_PROBLEM DESCRIPTION:_ Search the records for the string "Embroidered". Copy each line where it occurs.

_SUPPLIED INFORMATION:_
---------------
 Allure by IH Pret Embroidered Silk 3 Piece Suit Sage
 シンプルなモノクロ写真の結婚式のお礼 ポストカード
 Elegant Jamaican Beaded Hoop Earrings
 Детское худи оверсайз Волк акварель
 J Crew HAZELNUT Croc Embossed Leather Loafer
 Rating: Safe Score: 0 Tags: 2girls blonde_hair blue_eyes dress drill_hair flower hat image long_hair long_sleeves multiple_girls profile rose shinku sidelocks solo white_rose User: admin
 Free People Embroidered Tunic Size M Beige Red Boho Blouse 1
---------------
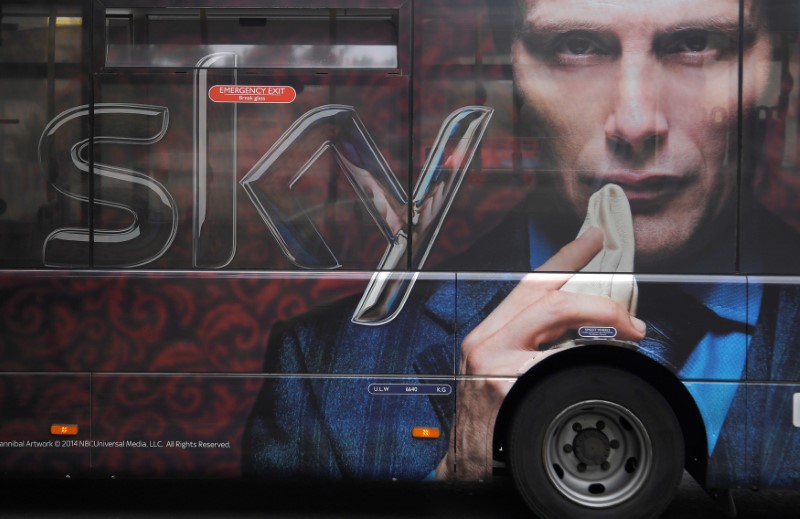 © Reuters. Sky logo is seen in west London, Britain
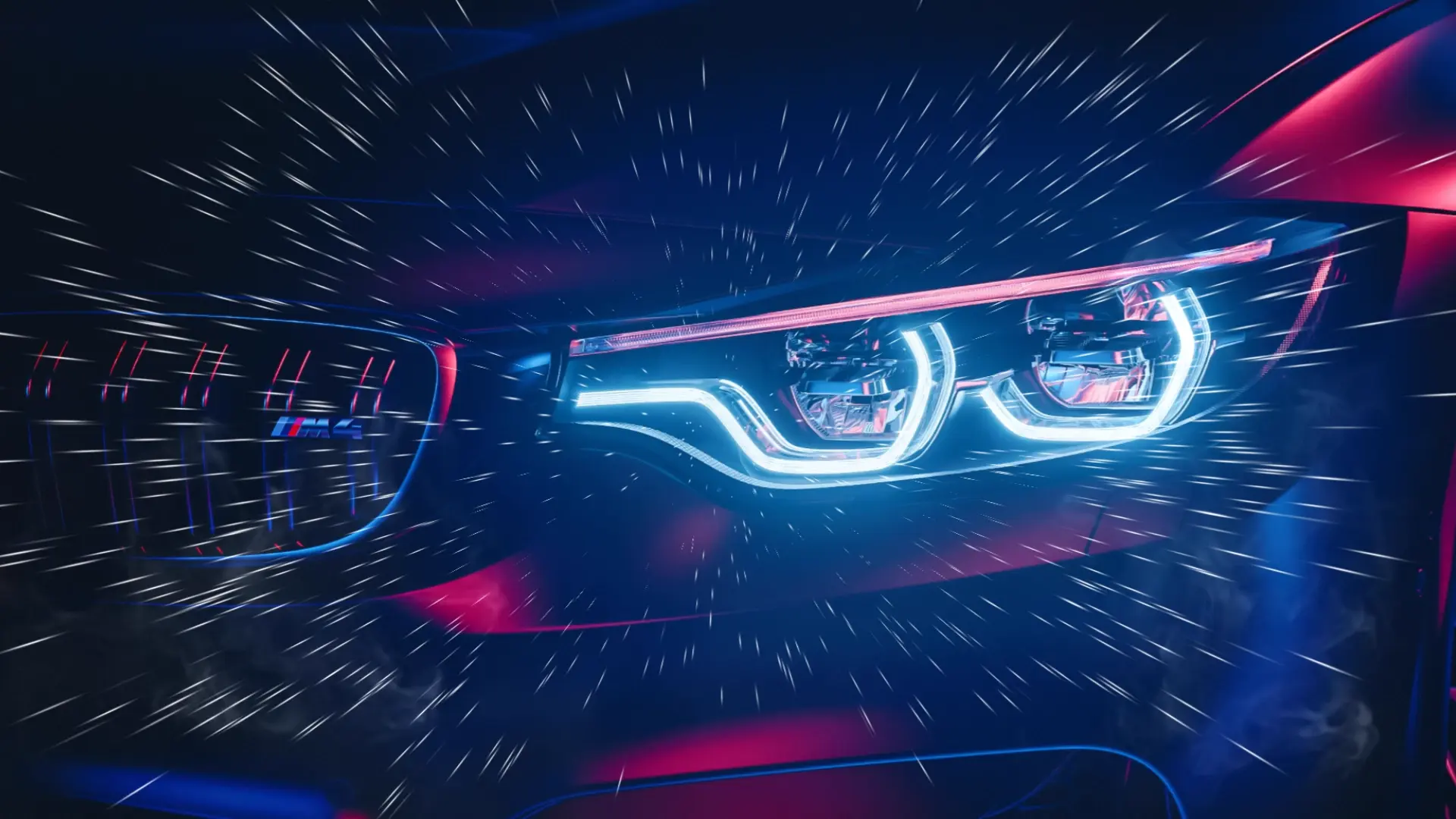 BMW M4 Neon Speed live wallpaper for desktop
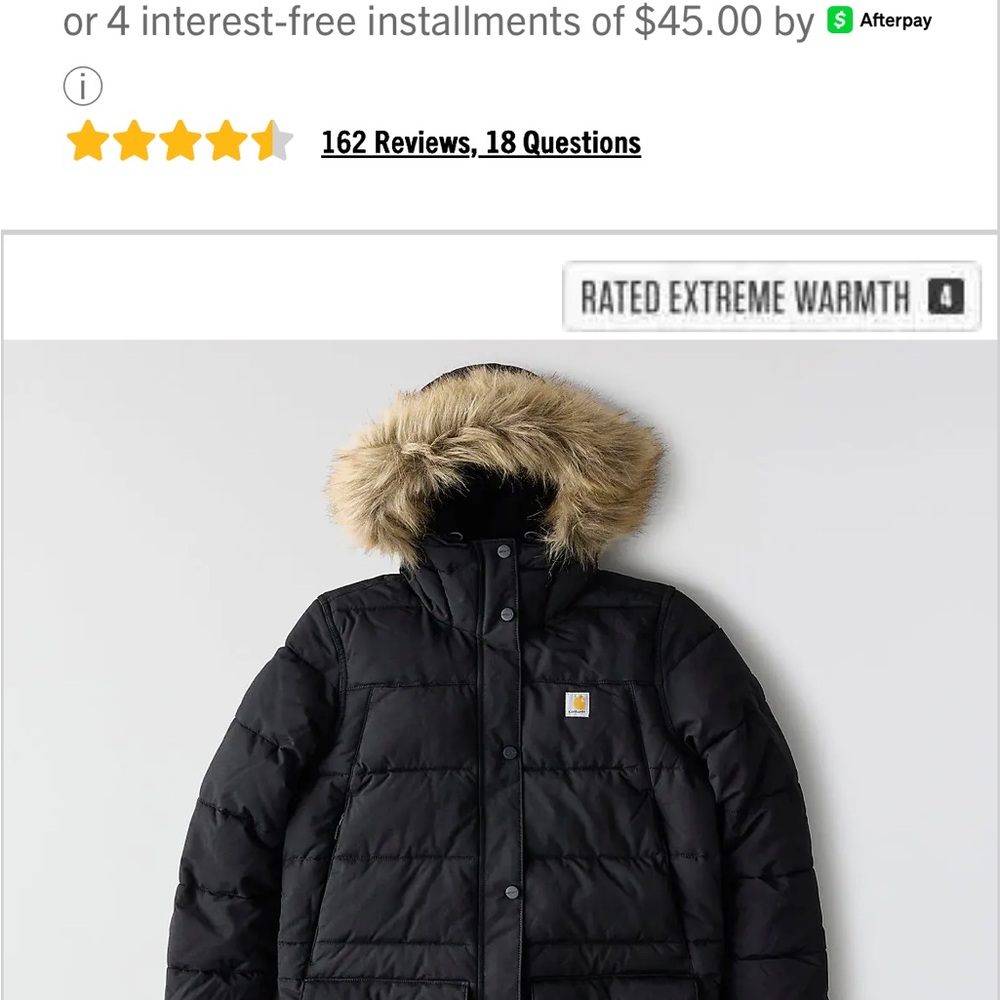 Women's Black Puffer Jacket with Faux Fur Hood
---------------
_OUTPUT FOR THIS TASK:_
 Allure by IH Pret Embroidered Silk 3 Piece Suit Sage
 Free People Embroidered Tunic Size M Beige Red Boho Blouse 1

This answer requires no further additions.